L'Inflation Reduction Act (2022) est un méga-programme de subventions et exonérations fiscales, à hauteur de quasi 400 milliards de dollars sur 10 ans, pour les industries engagées dans la transition énergétique. Les subventions peuvent avoir un effet de levier puissant et attirer de nombreux investissements privés américains et internationaux dans ces secteurs. Le décret favorise les entreprises installées sur le territoire américain. Par exemple, l'achat d'une voiture électrique est éligible à une subvention de 7.500 dollars par ménage à condition que le véhicule soit fabriqué dans les pays du NAFTA (Etats-Unis, Canada, Mexique). Indépendamment de la moindre efficacité sur le climat d'une politique de subventions comparée à une taxe carbone, cette politique va réorienter des investissements vers les Etats-Unis au détriment notamment de l'Europe. Si une entreprise internationale souhaite développer une solution de production d'hydrogène vert, le programme américain va rendre le projet plus rentable s'il est lancé aux Etats-Unis comparé à l'Europe. C'est par exemple le cas de la société australienne Fortescue qui constate la perte de l'attractivité de l'Union européenne face aux aides américaines.

Le CHIPS and Science Act (2022) est un programme de plus de 280 milliards de dollars, dont un peu plus de 50 milliards de dollars ciblent la construction d'une industrie de production de microprocesseurs avancés aux États-Unis. A ce jour, les composants avancés (circuits inférieurs à 10 nm) sont exclusivement produits en Asie (90% à Taiwan et 10% en Corée du Sud), alors que les Etats-Unis et l'Europe sont bien positionnés dans le design de ces composants. La relocalisation de la production sur le territoire national répond à trois objectifs : indépendance dans les industries clefs du futur qui s'appuient sur ces composants, indépendance dans la production d'armement, freiner la montée en régime de la Chine dans ces secteurs.
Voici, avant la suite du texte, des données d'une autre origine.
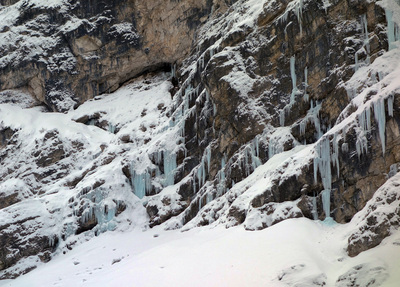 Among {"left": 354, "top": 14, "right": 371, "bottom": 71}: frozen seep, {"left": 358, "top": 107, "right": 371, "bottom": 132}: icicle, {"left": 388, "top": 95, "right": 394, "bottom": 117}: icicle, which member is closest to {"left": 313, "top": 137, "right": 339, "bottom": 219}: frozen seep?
{"left": 358, "top": 107, "right": 371, "bottom": 132}: icicle

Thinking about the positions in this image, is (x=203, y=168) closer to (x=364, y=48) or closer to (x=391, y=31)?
(x=364, y=48)

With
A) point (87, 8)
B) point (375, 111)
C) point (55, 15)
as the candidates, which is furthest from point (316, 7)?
point (55, 15)

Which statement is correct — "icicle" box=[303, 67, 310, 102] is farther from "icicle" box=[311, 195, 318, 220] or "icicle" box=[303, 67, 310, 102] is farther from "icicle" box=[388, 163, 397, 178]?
"icicle" box=[388, 163, 397, 178]

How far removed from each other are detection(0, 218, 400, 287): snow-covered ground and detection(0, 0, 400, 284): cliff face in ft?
2.32

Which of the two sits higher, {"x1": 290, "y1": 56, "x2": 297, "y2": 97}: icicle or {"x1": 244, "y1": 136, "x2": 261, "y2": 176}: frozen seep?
{"x1": 290, "y1": 56, "x2": 297, "y2": 97}: icicle

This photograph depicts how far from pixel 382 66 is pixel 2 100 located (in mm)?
43123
En complément, en octobre 2022, les États-Unis ont imposé un contrôle strict des exportations de microcomposants vers la Chine, pour ralentir leur apprentissage industriel dans l'intelligence artificielle et les super-ordinateurs, et, par ricochet, dans la mise au point de systèmes d'armes avancés.

3.    Que peut faire l'UE ?

Ce « coming out » assumé de l'interventionnisme économique américain, en réponse au protectionnisme notoire et de longue date de la Chine, interroge sur le possible affranchissement de l'Union européenne (UE) par rapport à ses idéaux de libre-échange. L'UE n'est pas complètement naïve en la matière. En 2013, l'UE a pris des mesures anti-dumping contre les panneaux solaires fabriqués en Chine. En 2020, l'UE a adopté un cadre légal qui permet aux pays membres d'évaluer et éventuellement de bloquer un investissement étranger hostile dans une industrie stratégique. Dans ce contexte, en novembre 2022, en s'appuyant sur la loi nationale, le gouvernement allemand a bloqué le rachat de Elmos, producteur de composants, par une entreprise chinoise. En revanche, en 2016, le groupe chinois Midea a pu acheter Kuka, un fleuron de la robotique allemande, ce qui, avec le recul, apparait comme une erreur.

En 2023, l'heure est au calibrage de la réplique européenne face aux tensions entre les Etats-Unis et la Chine sur le secteur de la haute technologie, de l'interventionnisme américain dans les industries vertes et de l'interventionnisme opaque chinois dans nombre de secteurs.

Pour réagir au programme de subventions américaines des industrie vertes, l'UE envisage d'affecter des fonds européens aux technologies propres et permettre l'empilage de plusieurs types d'abattements fiscaux pour compenser le niveau des incitations fiscales américaines. A court terme, si l'UE choisit de ne pas répondre à l'agression économique américaine, elle se trouvera dépouillée de capitaux dans ces secteurs, et prendra du retard. Si elle choisit de répondre en s'alignant et en menant une politique similaire, elle conservera ses capitaux et ses firmes mais les ressources de l'UE seront réorientées vers cette politique au détriment d'autres choix, sans garantie d'efficacité dans la poursuite de l'objectif zéro-carbone.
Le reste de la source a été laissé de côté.